After giving up her music career, Laura Huxley began a theraputic practice and wrote books (such as You Are Not the Target) promoting self-healing through mental exploration. Later she turned her focus toward children, starting a foundation on their behalf. But she never escaped her association with LSD, particularly after she wrote about injecting Huxley with the drug, at his request, as he lay dying.

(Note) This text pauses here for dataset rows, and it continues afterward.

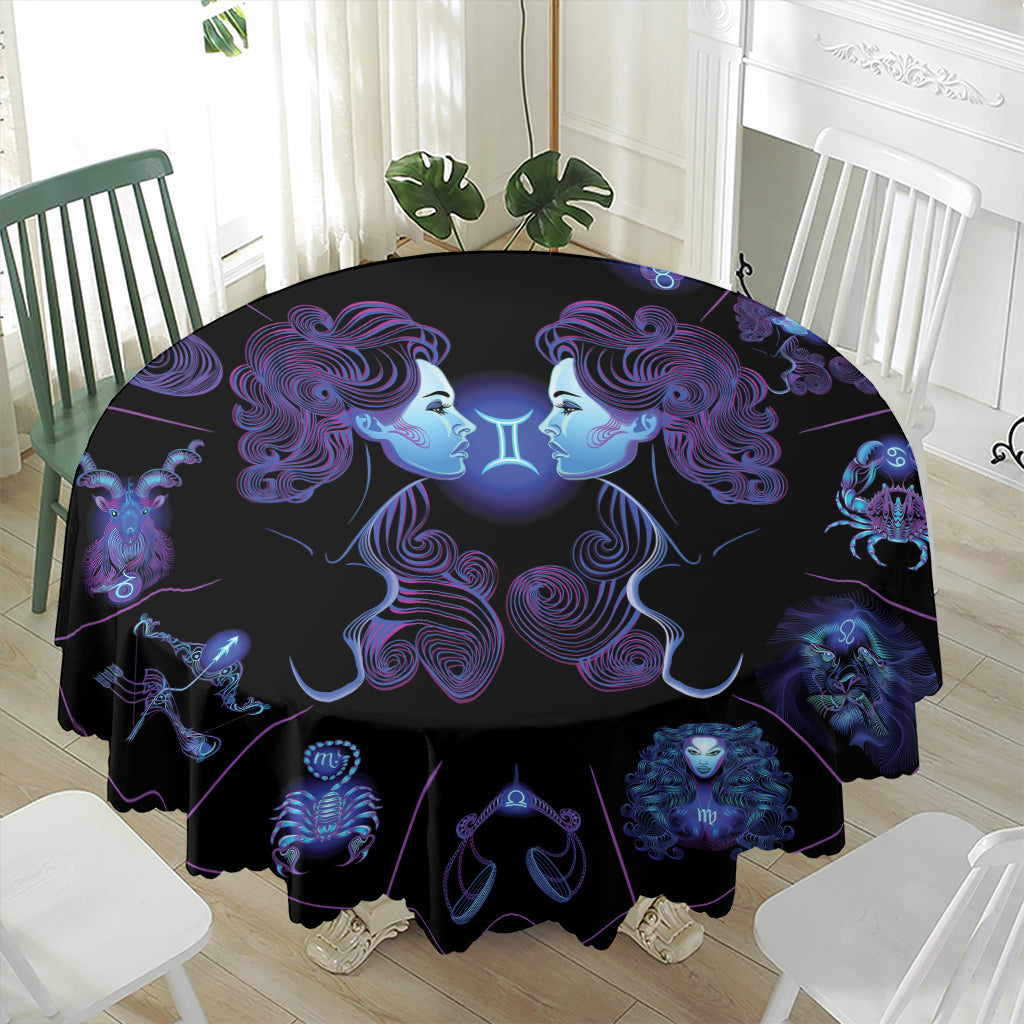 Gemini And Astrological Signs Print Waterproof Round Tablecloth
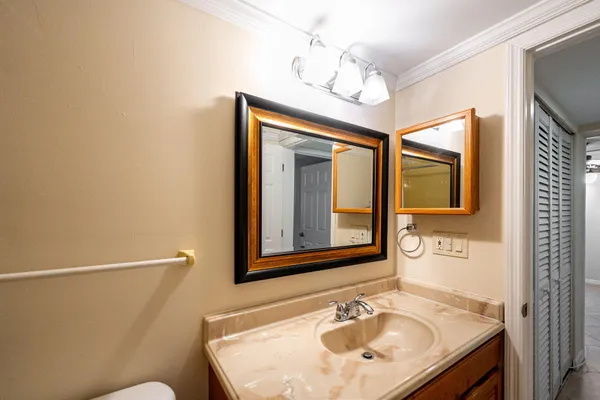 a bathroom with a sink a mirror and a toilet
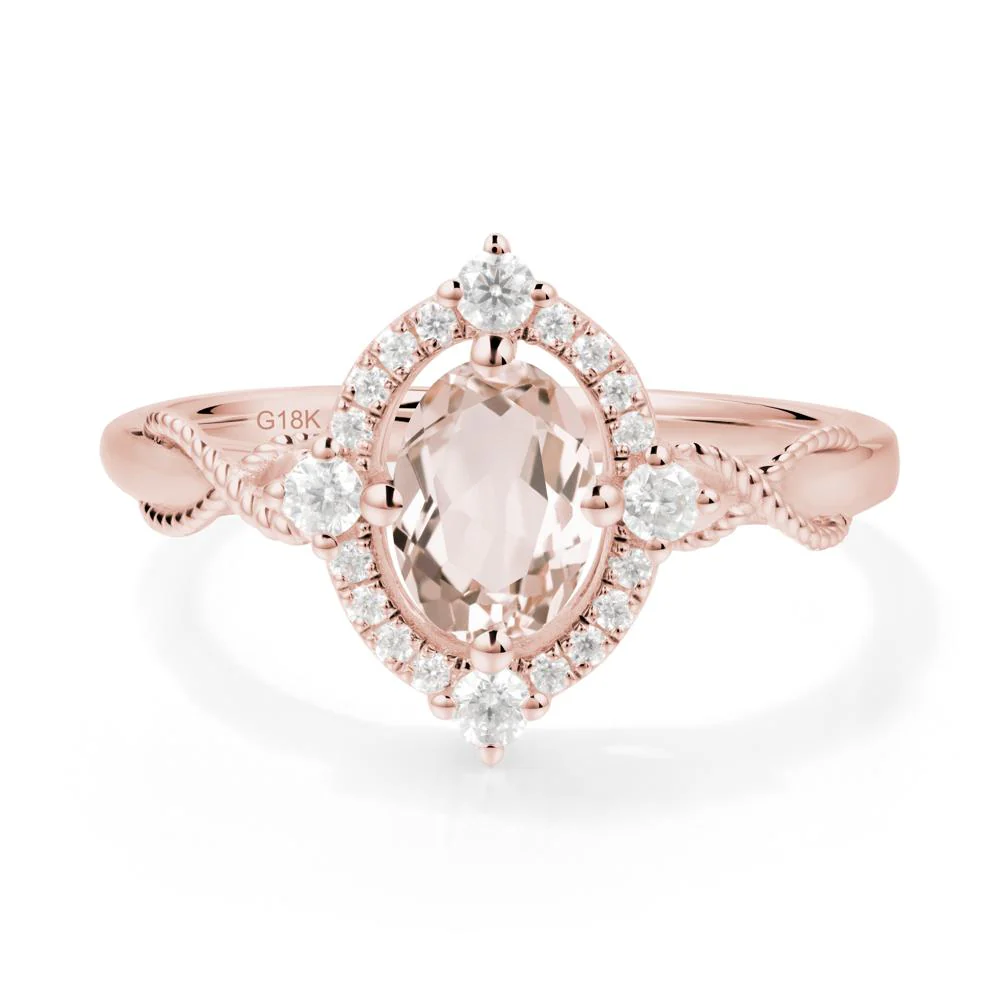 Oval Morganite Halo Twist Ring - Image 7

Aldous Huxley died less than eight years after their marriage, on date of President Kennedy’s assassination. At the time of Laura Huxley’s death in December of 2007, she had been his widow for 44 years and outlived most of her friends and associates, including Timothy Leary, Christopher Isherwood and even her stepson,  Matthew Huxley. Still, her memorial service in 2008 offered many reminders of the 1960s, including a reading of her essay on Aldous’s final hours and a videotaped message from Ram Dass. Best of all, however, was the parting gift we attendees received: an LP of her therapeutic “recipes for living.” After dragging my turntable out of the garage and setting it up, I was startled to hear her heavily accented voice again, intoning, “Imagine that you’re completely surrounded by flowers…flowers far and near…an infinity of flowers….”–and to realize that I missed her.